Few companies are emerging from the process in better health and this is driving way foreign investment, recent studies indicate. The Companies and Intellectual Property Commission (CIPC) reported in March this year that since the introduction of business rescue proceedings four years ago, 1 654 business rescue proceedings started, of which 771 were completed.
Figures from Statistics SA show that more than 360 companies were liquidated between July and August. More than 830 companies were still in business rescue proceedings, since 2011. The main factors undermining successful rescue are a continued focus on liquidation rather than restructuring, lack of experience and lack of forgiveness for failure, says EY Africa tax leader Jim Deoitte.
Deoitte says foreign investors are not assured by the way in which matters are managed when things go wrong. Structurally, the business rescue provisions in the US and South Africa are basically the same. “Why is it then that the US can save a city [Detroit] and a large motor corporation [GM], but SA may not be able to save its steel industry?”
He bemoans the lack of experience in “bankruptcy restructurings”. South Africans see the need for restructuring as a mark of failure. Companies also wait too long before engaging in business rescue proceedings from fear of losing control over their processes.
Robert Appelbaum, partner at law firm Webber Wentzel, says international investors are distressed by the absence of a reliable and transparent database, with information on the companies that are in business rescue and their assets.
Appelbaum says government needs to realise strategic issues have to be dealt with, more skilled business rescuers are needed and a transparent database on business rescues must be developed and published widely.
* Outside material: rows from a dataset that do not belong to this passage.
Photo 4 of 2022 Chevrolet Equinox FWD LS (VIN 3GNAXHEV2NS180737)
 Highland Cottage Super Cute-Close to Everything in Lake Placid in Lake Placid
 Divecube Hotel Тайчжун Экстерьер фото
Emil Brincker, technical committee member of the South African Institute of Tax Professionals, bemoans Sars’s absence from many business rescues unless its claims are dealt with adequately.
Deoitte says the modification of agreements during a business rescue process create a “hornet’s nest” of tax issues.
Brincker, who is also the national head of tax at law firm Cliffe Dekker Hofmeyr, says the Tax Administration Act was amended at the start of this year to deal with a temporary write-off of a tax debt which is part of a business rescue process.
But the moment the company comes out of business rescue the tax debt is reinstated. “The solution would be to introduce legislation that there are no tax consequences to the extent that claims from Sars or third parties or lenders are written off.”